I had foolishly continued babbling:
> I'll add that for solvable groups an enumeration can be made with a
> concerted effort using an induction on Sum(ei), although this assumes
> that a practical computation of cohomology groups can be carried out,
> which is not immediately clear except in principle.
which prompted Dijkhof to ask
>What is a cohomology group?
Whew! That's a tall order. Without giving an answer which adequately
covers all cohomology groups, let me describe the group E = H^2(G,A),
where G is a group and A is a G-module, that is, A is an
abelian group for which a homomorphism G --> Aut(A) has been fixed.
(For example, if G = Z/2Z, we might have A = Z/3Z-with-G-acting-trivially,
or A = Z/3Z-with-G-acting-by-inversion.)
This E has a group structure, but as a set it may be viewed simply as
the set of group extensions
1 -> A -> X -> G -> 1,
that is, E counts the number of groups X with a normal subgroup
isomorphic to A and a quotient group isomorphic to G.

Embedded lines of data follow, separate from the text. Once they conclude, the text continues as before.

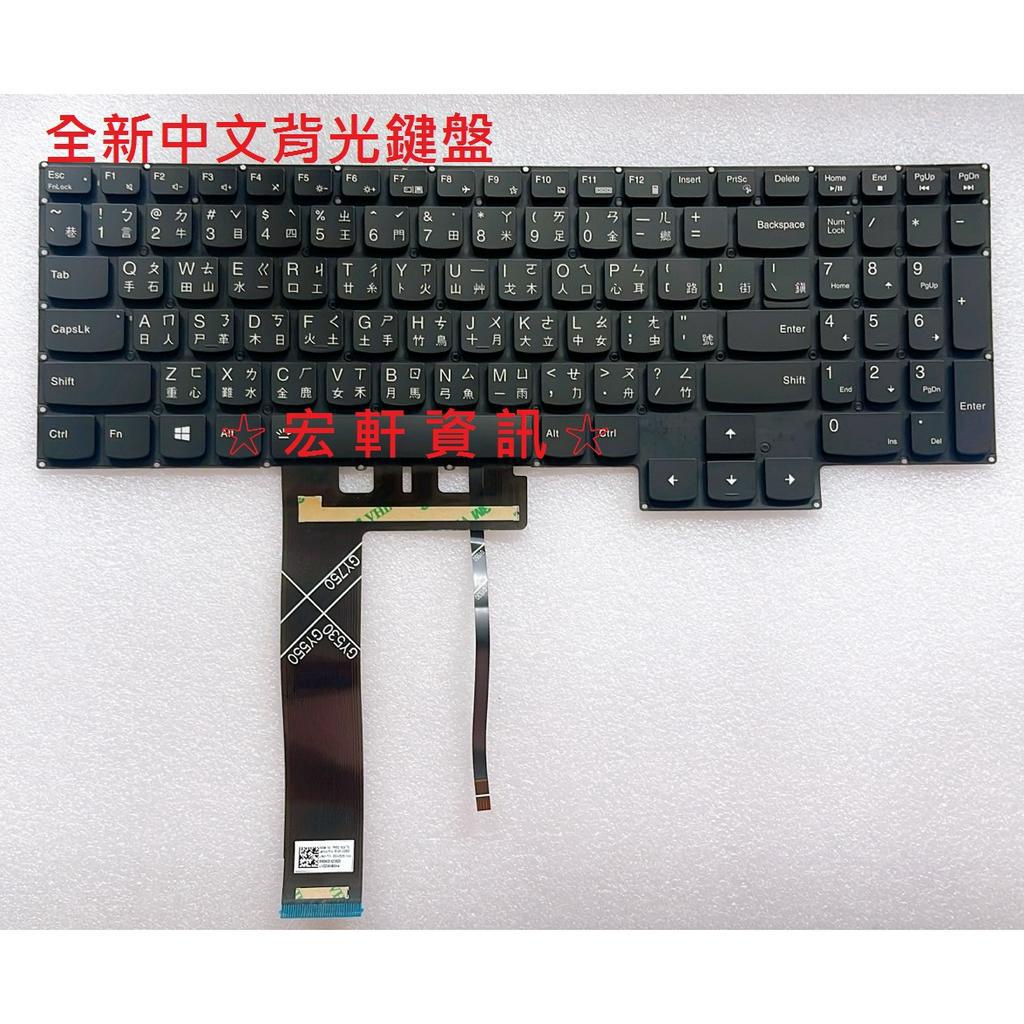 ☆宏軒資訊☆聯想 Lenovo Legion 5 5i 82AU 15IMH05 中文 鍵盤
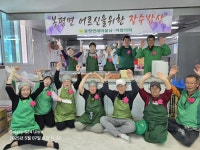 평창군 봉평면새마을남녀협의회, 장수식당 운영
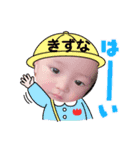 きずなくんだょ！（個別スタンプ：1）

[The cognoscenti are kindly requested not to quibble over the
difference between a count of the groups X and a count of the
extensions A->X->G.]
Well, there are very nice theorems which state that, for the two
examples of pairs (G,A) which I gave above, this group E is trivial,
that is, there is a unique (up to isomorphism) extension of A by G
in each case. In the first case, X must be the cyclic group of order
6, and in the second, X must be the symmetric group of order 6.
This completes the classification of the groups X of order 6, using
1. The Sylow theorems, which tell us X must have a normal
subgroup A of order 3.
2. The structure theorems for abelian groups, which tell us
A = C_3 and G = C_2 (and which allow us to determine
that G can only act on A in those two ways).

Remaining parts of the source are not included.